▶ **Supplied material**
Content starts
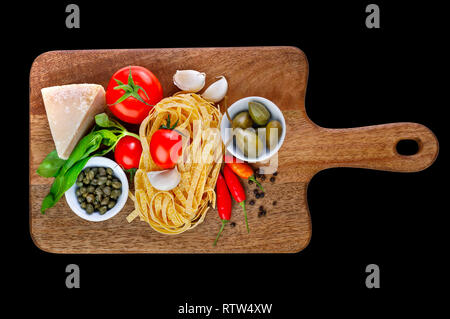 Parmigiano, capperi, pomodoro, aglio, basilico, peperoncino paprica, pepe e tagliatelle sul tagliere di legno isolato su sfondo nero. Ingredienti Foto Stock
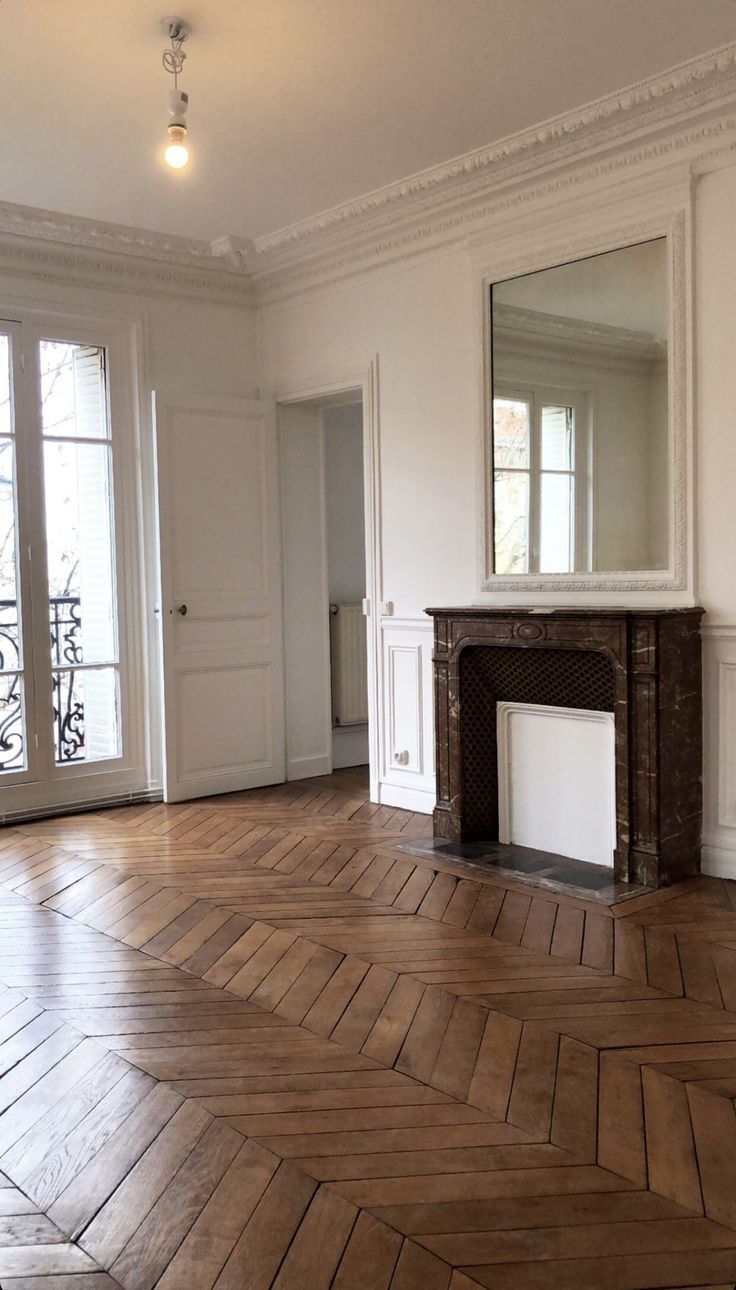 Empty room with herringbone wood floor, white walls, ornate ceiling, large mirror over marble fireplace, and French doors opening to balcony.
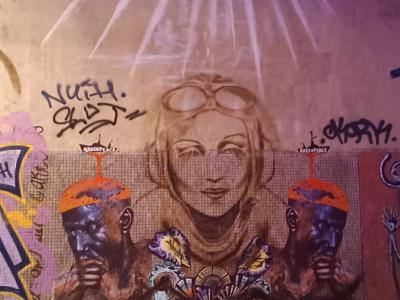 Art Deco Aviatrix with Tribal Masks — Street art in Paris
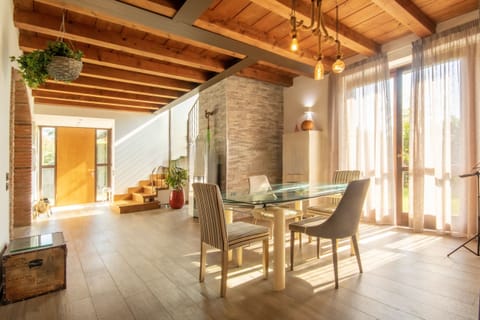 Spacious living room with an elegant and bright dining area, featuring exposed beams and large windows overlooking the garden. The space combines rustic warmth and modern design, creating a welcoming and refined space to relax or share meals with the family.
Content ends
▶ **Task objective**
Only the lines from the line with "Empty room with" through the closing line of the data, both included, should be set down, exactly as written and without pictures.

▶ **Problem solution**
 Empty room with herringbone wood floor, white walls, ornate ceiling, large mirror over marble fireplace, and French doors opening to balcony.
 Art Deco Aviatrix with Tribal Masks — Street art in Paris
 Spacious living room with an elegant and bright dining area, featuring exposed beams and large windows overlooking the garden. The space combines rustic warmth and modern design, creating a welcoming and refined space to relax or share meals with the family.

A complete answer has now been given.